氯化铁对高硫石油焦-CO_2气化的催化作用

Catalytic Activity of Ferric Chloride for High-Sulfur Petroleum Coke-Carbon Dioxide Gasification

以FeCl3为催化剂,采用热天平考察了FeCl3添加量、气化温度、FeCl3添加方法对高硫石油焦-CO2气化反应转化率和气化反应速率的影响,采用4种动力学模型对石油焦-CO2催化气化动力学曲线进行拟合,并对石油焦催化气化残渣进行XRD分析。结果表明,高硫石油焦催化气化反应速率随气化温度、FeCl3添加量的增加而增大,随转化率的增加而减小,与非催化石油焦气化的单峰动力学曲线不同;采用离子交换法添加FeCl3比采用浸渍法的催化气化效果好。FeCl3催化石油焦-CO2气化反应初始阶段,铁主要以Fe3C形式存在,随着反应的进行大部分Fe3C与石油焦中的S结合形成FeS,导致催化剂活性降低。4种动力学模型拟合结果表明,随机孔模型效果最好,相关系数在0.96以上。
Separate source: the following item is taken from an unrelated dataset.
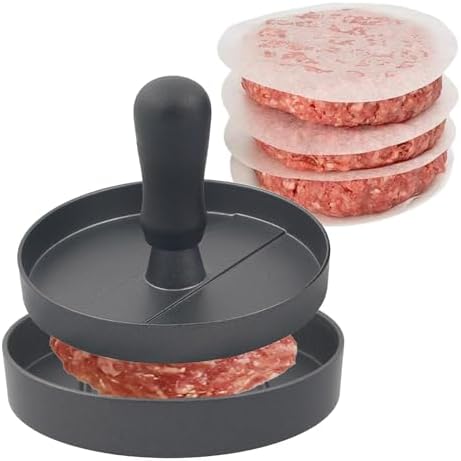 Aluminum Burger Press Patty Maker with 200 Non-Stick Papers - Commercial & Home Use, Hamburger Meat Press Tool, Dishwasher Safe (Black)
FeCl3 was used as a catalyst for high-sulfur petroleum coke-CO2 gasification. The gasification reactivity of petroleum coke with different FeCl3 loadings and loading methods was examined by using a thermogravimetric analyzer. Four kinetic models were used to fit the kinetic curve for catalytic gasification of petroleum coke. The residue of catalytic petroleum coke-CO2 gasification was analyzed by XRD. The results showed that the gasification rate of petroleum coke increased with increase of FeCl3 loadings within the experiment range, and decreased with the increase of conversion in whole course of catalytic gasification, which is different from the single- peak kinetic curve of non-catalytic petroleum coke-CO2 gasification. In catalytic petroleum coke-CO2 gasification, the catalytic activity of FeCl3 loaded by ion exchange method was higher than that by impregnation method. At the initial stage of gasification the precipitated iron existed as Fe3C, which quickly reacted with S in petroleum coke to form FeS, leading to the catalytic activity loss. The random pore model described well the kinetic curve for catalytic gasification of petroleum coke among the four kinetic models, whose correlation coefficient exceede 0.96.